SAM-Adapter: Finetune Your Own Segment Anything Model in an Effective and Efficient Manner

AI research has witnessed a paradigm shift with models trained on vast amounts of data at scale. These models, or known as foundation models, such as BERT, DALL-E, and GPT have shown promising results in many language or vision tasks. Recently, among the foundation models, Segment Anything (SAM) has a distinct position as a generic image segmentation model trained on the large visual corpus. It has been demonstrated that SAM has successful segmentation capabilities in diverse scenarios, which makes it a groundbreaking step toward image segmentation and related fields of computer vision.
SAM is also extensively applied in many other fields, such as relation extraction, object tracking, image editing, etc., demonstrating its importance in the field of computer vision.

However, as computer vision encompasses a broad spectrum of problems, SAM’s incompleteness is evident, which is similar to other foundation models since the training data cannot encompass the entire corpus, and working scenarios are subject to variation, so it may fail in processing some special types of images and tasks. In this study, the authors first test SAM in some challenging low-level structural segmentation tasks including camouflaged object detection (concealed scenes) and shadow detection, and they find that the SAM model trained on general images cannot perfectly “Segment Anything” in these cases.

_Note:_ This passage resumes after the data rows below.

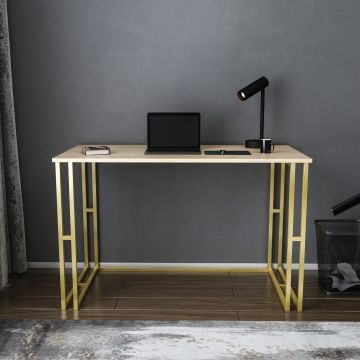 Birou Kane, Diverse culori, 120x60x75 cm - Auriu - Stejar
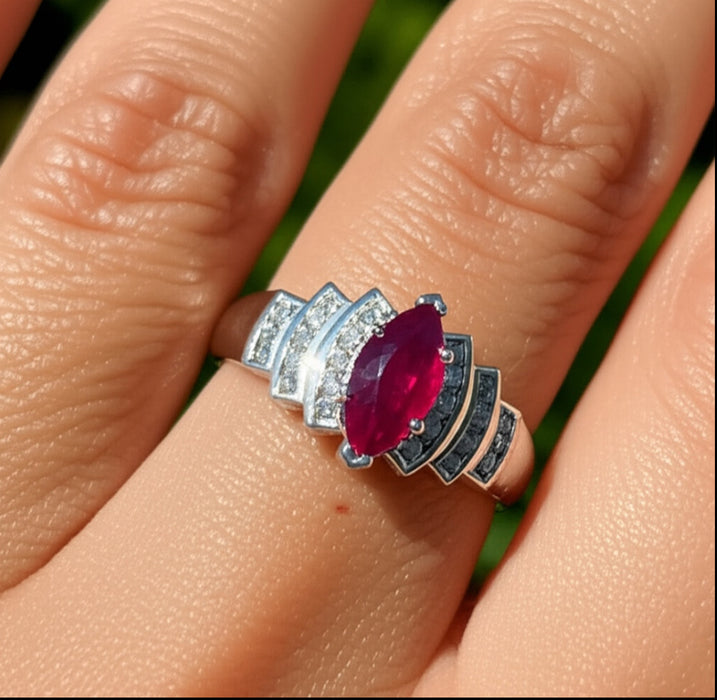 CZ Sterling Silver Ring Marquise Cut Ruby - ER- 25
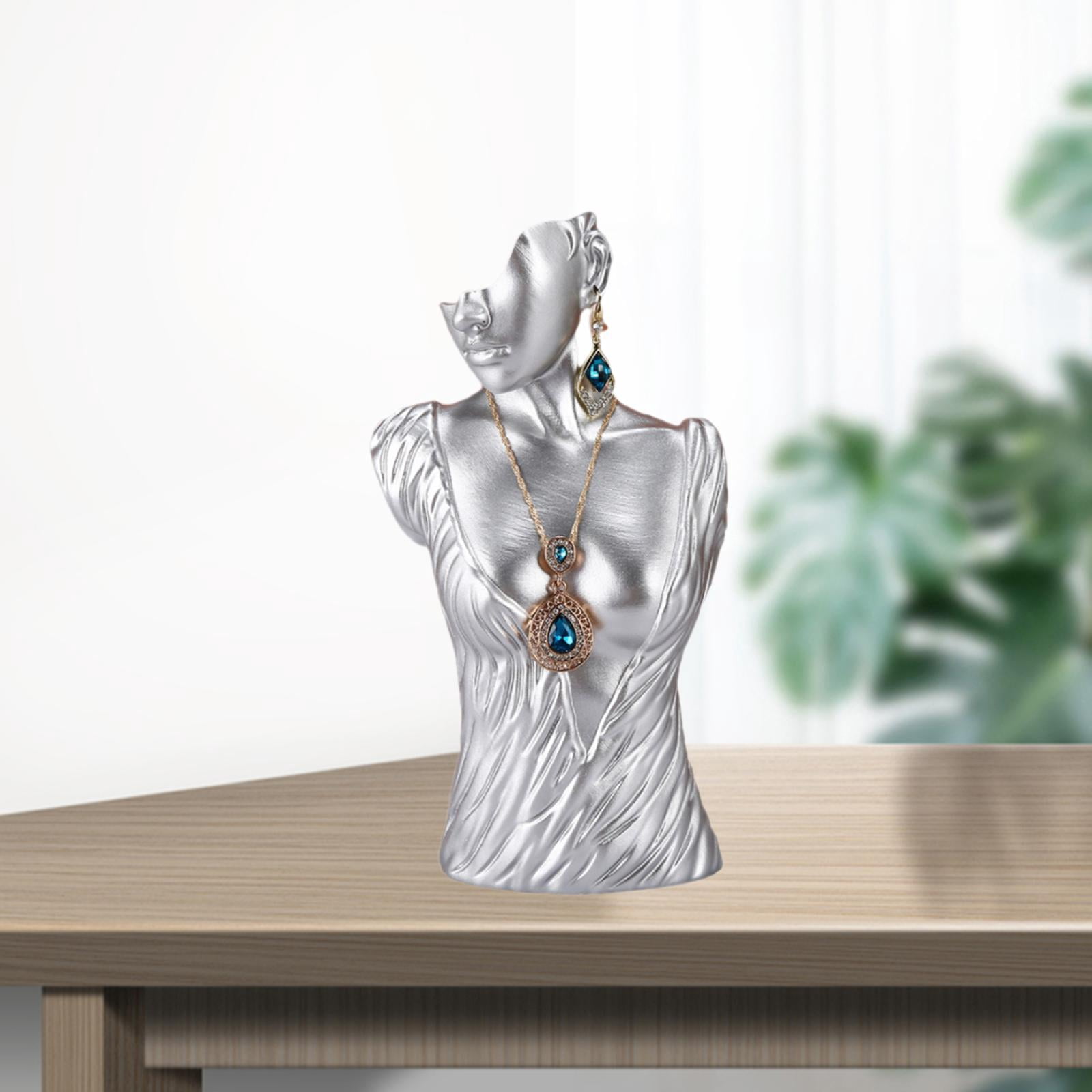 Mannequin Resin Jewelry Display Stand Necklace Bust Earring Pendant Rack Sliver Sliver 25X13X11cm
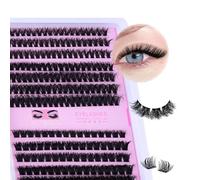 280 Pcs Individual Eye lash 3D Curl Lash Clusters Extensions Clusters 60D/100D Cluster Eyelash Lashes Fluffy Wispy Clusters Lashes Makeup at Home - DIY Lash Extension Kit for Self pestañas falsas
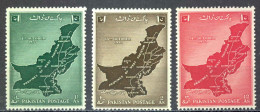 Pakistan Sc# 79-81 MNH 1955 Map Of West Pakistan - Pakistan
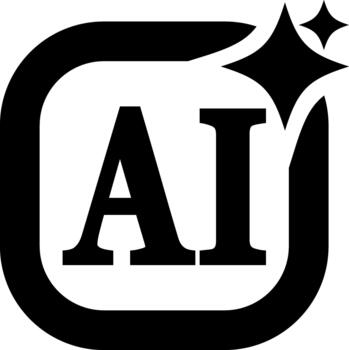 Black generated symbol isolated Stencil button icon vector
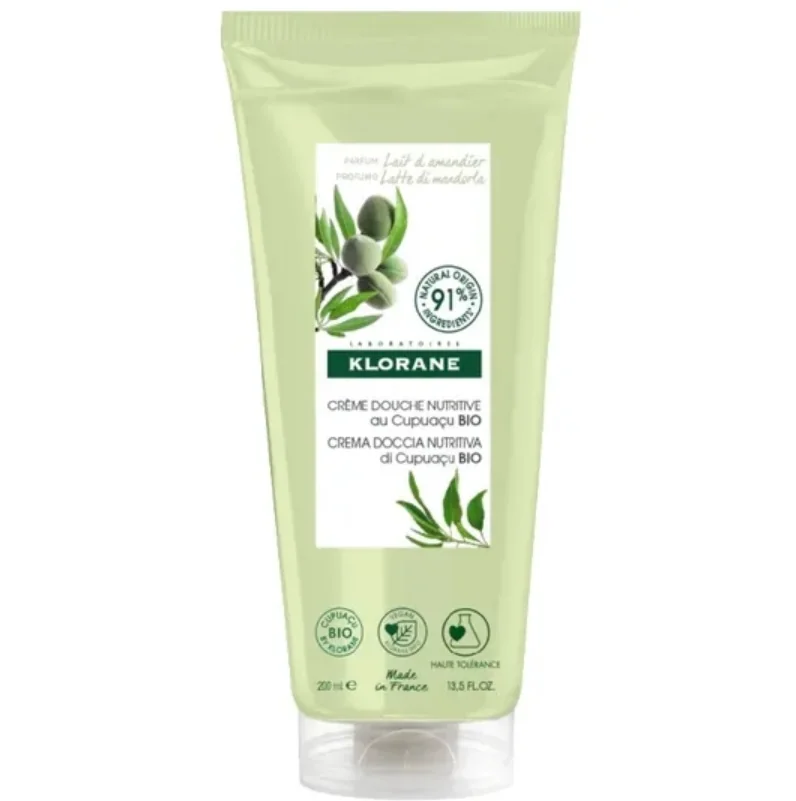 Klorane Crema Doccia al Latte Di Mandorla con Burro Di Cupuacu BIO 200 ml Ricca Detergente e Lenitiva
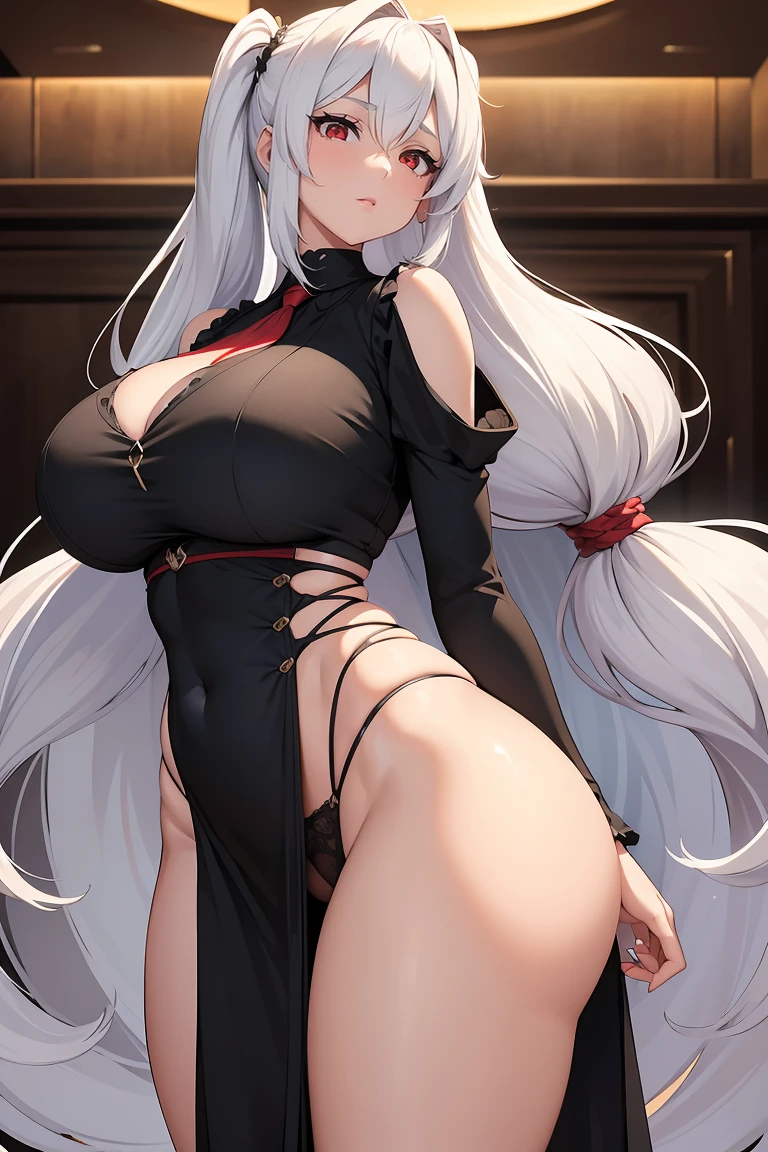 (best quality,4k,8k,highres,masterpiece:1.2),ultra-detailed,realistic,photorealistic:1.37 1girls black dress blush breasts breasts bigger than head cleavage curvaceous ? curvy body ? curvy female ? curvy figure ? female ? hair ? hair between eyes ? hips ? huge ass ? huge breasts ? human ? kladenart ? light skin ? light-skinned female ? long hair ? looking at viewer ? mature ? mature female ? neckwear ? noblewoman ? panties ? posing ? posing for the viewer ? red eyes ? thick thighs ? thighs ? twintails ? very long hair ? white hair ? wide hips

As such, a crucial research problem is: How to harness the capabilities acquired by large models from massive corpora and leverage them to benefit downstream tasks? In this work, researchers from Singapore University of Technology and Design, Motion Tech, and Zhejiang University, introduce the SAM-Adapter, which serves as a solution to the research problem mentioned above. This pioneering work is the first attempt to adapt the large pre-trained image segmentation model SAM to specific downstream tasks with enhanced performance. As its name states, SAM-Adaptor is a very simple yet effective adaptation technique that leverages internal knowledge and external control signal. Specifically, it is a lightweight model that can learn alignment with a relatively small amount of data and serves as an additional network to inject task-specific guidance information from the samples of that task. Information is conveyed to the network using visual prompts, which has been demonstrated to be efficient and effective in adapting a frozen large foundation model to many downstream tasks with a minimum number of additional trainable parameters. Specifically, the proposed method is: (1) Generalizable: SAM-Adapter can be directly applied to customized datasets of various tasks to enhance performance with the assistance of SAM. (2) Composable: It is effortless to combine multiple explicit conditions to fine-tune SAM with multi-condition control.

To verify the effectiveness of SAM-Adapter, the researchers have performed extensive experiments on multiple datasets and tasks including shadow detection, camouflaged object detection task, and polyp segmentation (medical image segmentation) task. Benefiting from the capability of SAM and the proposed SAM-Adapter, this method can achieve state-of-the-art (SOTA) performance on these tasks. Some visualization results to show the effectiveness of SAM-Adapter is presented in the below figure.

In the future, the authors believe that SAM-Adapter, as a universal framework, can be applied to a wide array of downstream segmentation tasks in various fields, including medical imaging diagnosis, agriculture, and industrial inspection. The authors have released all codes of their SAM-Adapter and look forward to more users applying this method in their research or work domains to collectively advance the wider applications of artificial intelligence technology.